Since 1983, U.S. policy has been to exercise U.S. ships to assert its navigation rights and freedoms in a manner consistent with the 1982 U.N. Convention on the Law of the Sea (UNCLOS), even though the U.S. is not a signatory to the convention. Since that time, according to a Department of Defense website, the United States Navy has conducted well over 400 FONOPs, countering the excessive maritime claims of some 60 nations. The reasons stated for these FONOPs have ranged from rejection of requirements that foreign warships not enter a territorial sea without prior authorization, to rejecting baselines not drawn in accordance with current laws and norms and attempts to restrict transit or innocent passage through international straits.

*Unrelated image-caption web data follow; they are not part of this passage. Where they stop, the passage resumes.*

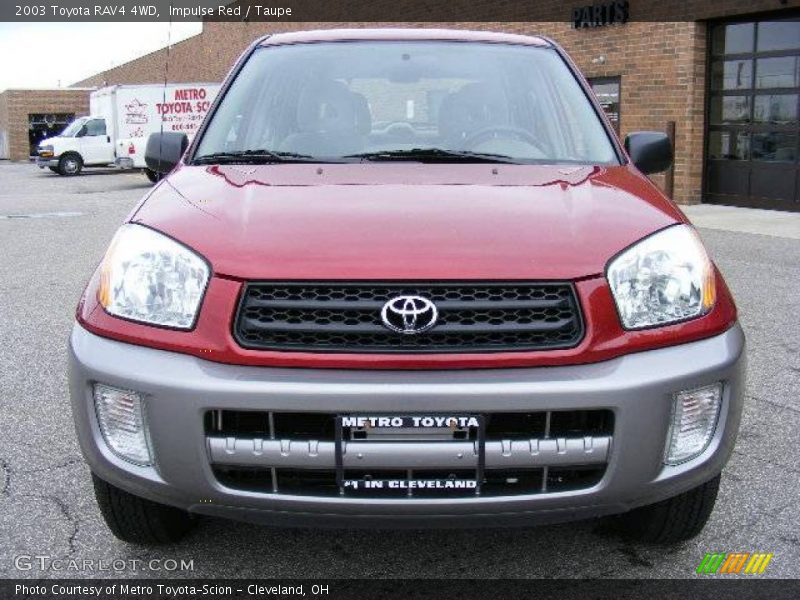 Impulse Red / Taupe 2003 Toyota RAV4 4WD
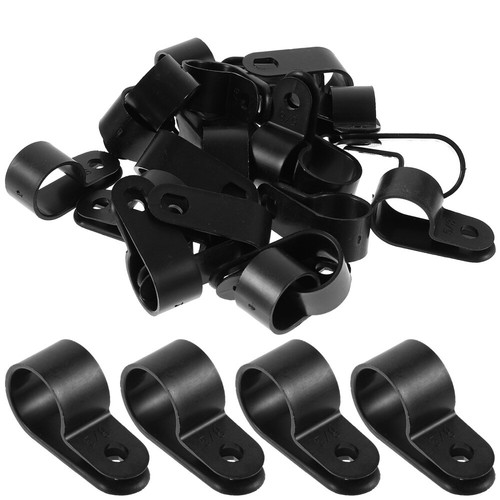 50 Pcs Clip Per La Gestione Dei Cavi Da Parete in Filo Metallico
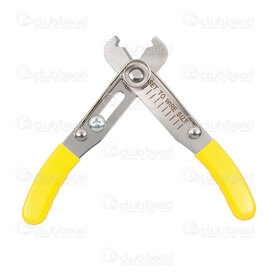 2802-0119-2 - Stainless Steel Plier Chain-Ring Opener 13cm Yellow Handle 1pc 2802-0119-2,Os,montreal, quebec, canada, beads, wholesale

More recently the U.S. Navy has used FONOPs to push back on new attempts to limit foreign vessels from entering exclusive economic zones, or attempts by China to create artificial islands and then use these illegal constructs to serve as justification for territorial sea claims. As might be expected, a large proportion of FONOPs have been conducted against authoritarian nations, such as China and Iran, which reject a free sea, or freedom generally.
Unfortunately, until the recent exercise in the Barents Sea — which some experts have described as a Passing Exercise (PASSEX) that did not seek to reject an expansive maritime claim rather than a FONOP — no FONOPs have been conducted against Russia since the 1980s. That is true despite the fact that Russia has advanced territorial sea claims over the Arctic Ocean, and attempted to activate Article 234 of UNCLOS, which permits coastal states to exercise extraordinary precautionary management over ice-covered waters.
This route, the northern sea route, promises to cut weeks off passage between Asia and Europe. It opened in August last year and has remained open longer on average over the past decade, allowing millions of tons of cargo to flow along the shorter route. One emerging cargo of great importance to Putin’s Russia is the liquified natural gas (LNG) being produced at a large plant on the Yamal Peninsula. Cash-strapped Russia is very interested in shipping LNG to China’s burgeoning energy market.
Of course, more is involved than just a shipping route. Warming in the region has opened the Arctic Ocean to oil, natural gas, and mineral-resource extraction from the sea floor. The Arctic Ocean also possesses military value, as armed vessels and aircraft operating in the region have shorter routes to vital targets in Europe and North America. Russia, through its various claims, is attempting to cast a wide net of sovereignty over all valuable attributes of the region. The U.S. position on the Russian case is critical, as all nations that have Arctic borders (the United States, Canada, Denmark, Norway, and Russia) could financially and strategically benefit from the environmental phenomenon.
From a force-structure standpoint, the United States is not positioned to assert influence as much as the other Arctic powers. Denmark possessed three operating icebreakers at one time, but has since laid them up and offered them for sale. Norway possesses two ships — an icebreaker, and a heavy offshore-patrol vessel — that can operate in the Arctic Ocean. Canada has two heavy icebreakers and five medium icebreakers with an additional heavy icebreaker under construction. Canada also has a substantial Coast Guard and naval fleet with vessels designed with stronger frames and thicker steel hulls to operate in ice-laden seas. With 40 icebreakers, Russia tops all Arctic powers. Russian leader Vladimir Putin plans to refresh Russia’s northern fleet with nine new nuclear powered icebreakers by 2035, some of which will be armed with guns and missiles designed to operate in Arctic conditions. These icebreakers will allow Russia to open the Great Northern Route earlier and keep it open later into the year, facilitating cargo shipments. Additionally, many ship designs within the Russian navy’s northern fleet are rated as ice-hardened due to the normal conditions that they operate under.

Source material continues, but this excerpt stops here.